Modeling Uncertainty in Deep Learning with Stochastic Gradient Markov Chain Monte Carlo



2016年12月30日(星期五)下午 6:30






Modeling Uncertainty in Deep Learning with Stochastic Gradient Markov Chain Monte Carlo


Changyou Chen

Duke University

Changyou Chen is now a Research Assistant Professor in the Department of Electrical and Computer Engineering at Duke University. He obtained his PhD degree in 2014 from College of Engineering and Computer Science, the Australian National University; his master and bachelor degrees in 2010 and 2007, respectively, both from School of Computer Science, Fudan University, Shanghai, China.

His current research interest focuses on developing scalable Bayesian methods for deep learning. Particularity he develops theory for stochastic gradient Markov Chain Monte Carlo algorithms, and applies them for Bayesian interpretation/extension of the optimization-based deep learning. He is also developing distributed Bayesian learning theory and algorithms for industrial-scale data. His previous research focused on Bayesian Nonparametric methods such as Dirichlet processes and dependent normalized random measures.


Modeling uncertainty in deep learning is an effective way to alleviate the common issue of overfitting in training. Bayesian modeling is a principle way of achieving the goal.

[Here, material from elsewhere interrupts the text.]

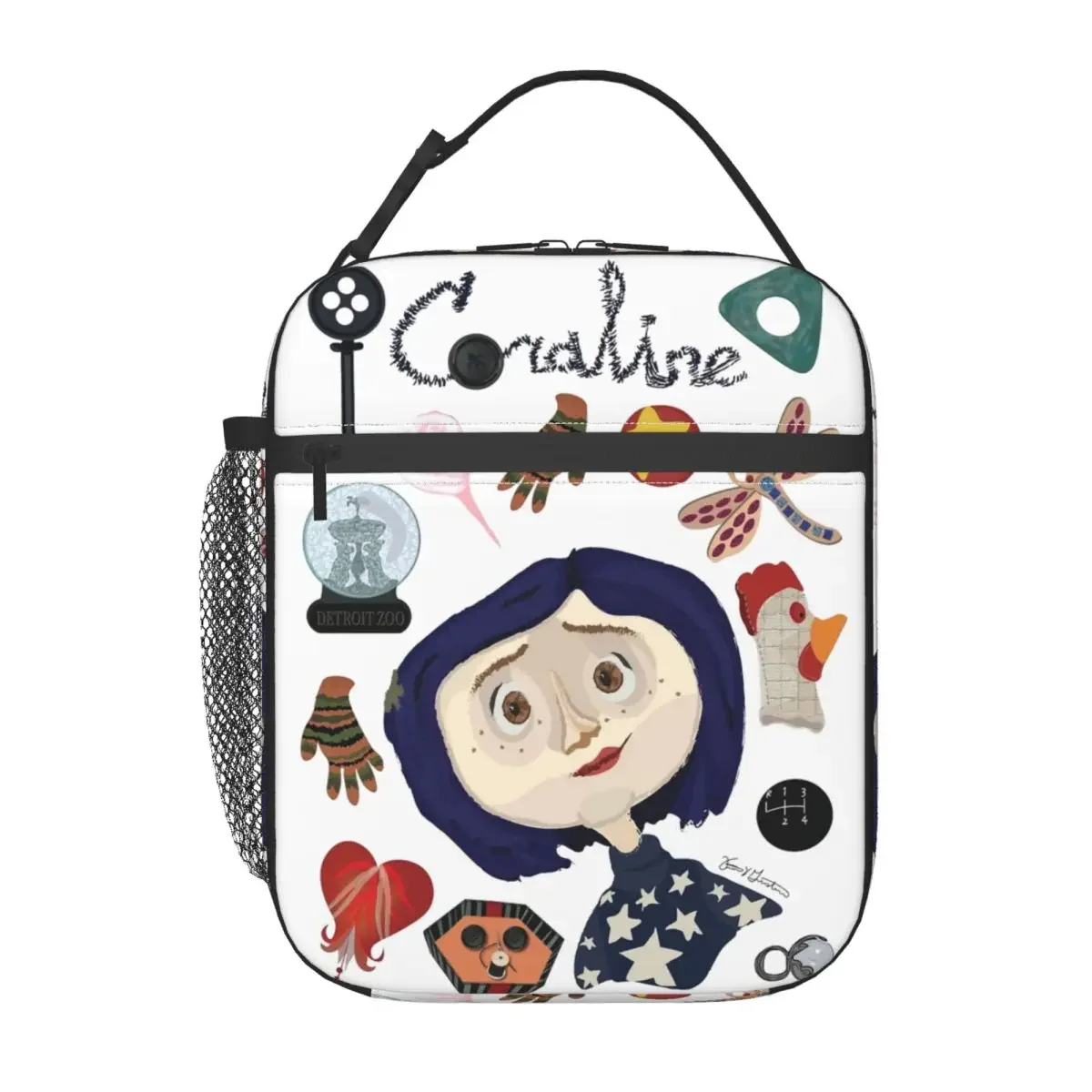 Coralines Jones Feeling Blue Merch borsa per il pranzo isolata borsa per la conservazione degli alimenti con pellicola di animazione Vintage scatola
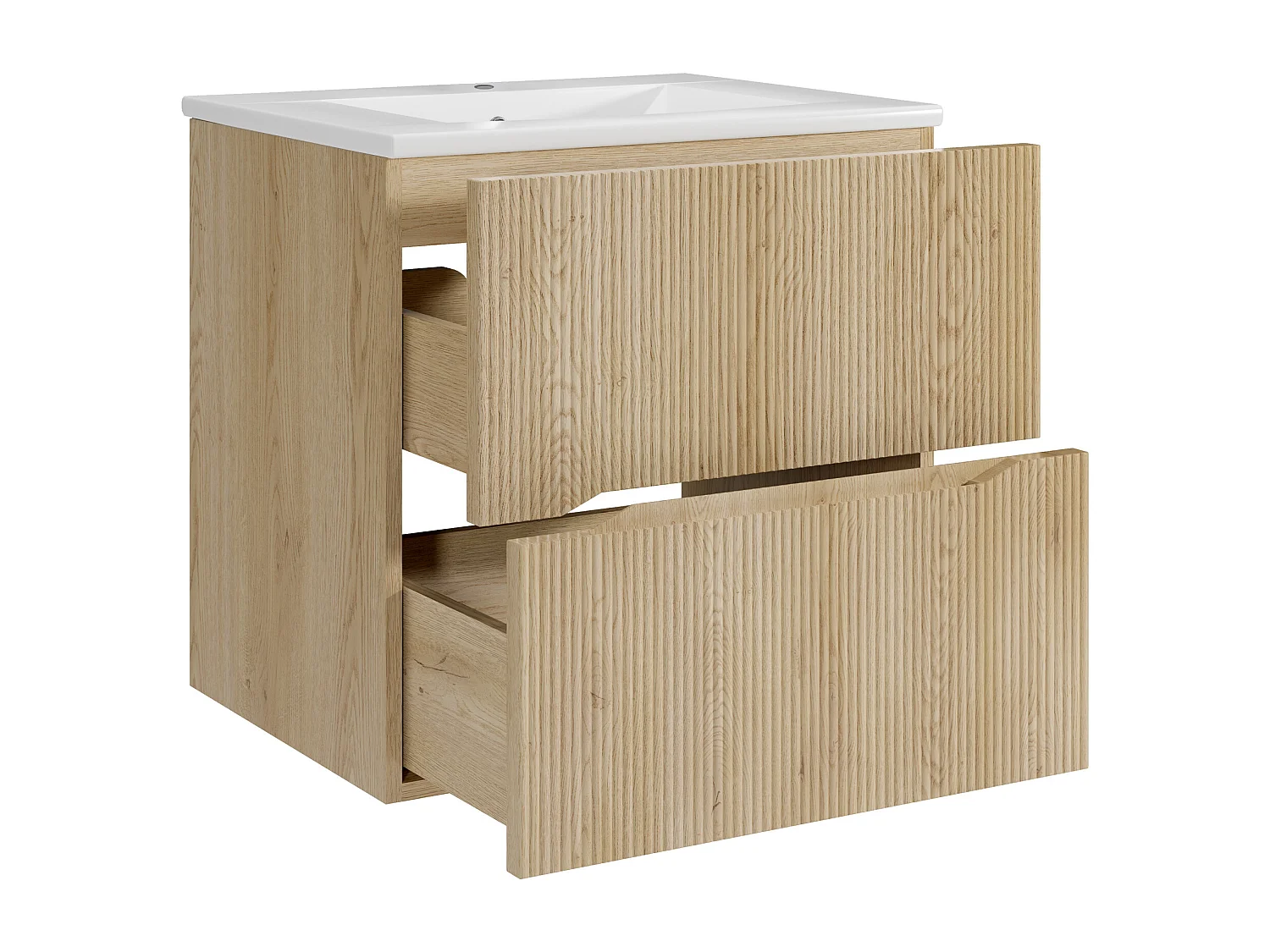 Meuble de salle de bain suspendu strié avec vasque à encastrer - Naturel clair - 60 cm - ORISO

Recent advances in Bayesian learning with large-scale data have witnessed emergence of stochastic gradient MCMC algorithms (SG-MCMC), such as stochastic gradient Langevin dynamics (SGLD), stochastic gradient Hamiltonian MCMC (SGHMC), and the stochastic gradient thermostat. This family of algorithms enables scalable Bayesian sampling by adopting ideas from stochastic optimization, where a minibatch of data is used in each iteration of the algorithms to obtain approximate samples from desired posteriors. In this talk, I will talk about basic concepts of SG-MCMC, introduce several representative algorithms, and show the general convergence properties of SG-MCMC algorithms. Finally I will discuss how to apply them in deep learning via some recurrent neural network examples, showing the advantage of modeling uncertainty in deep models.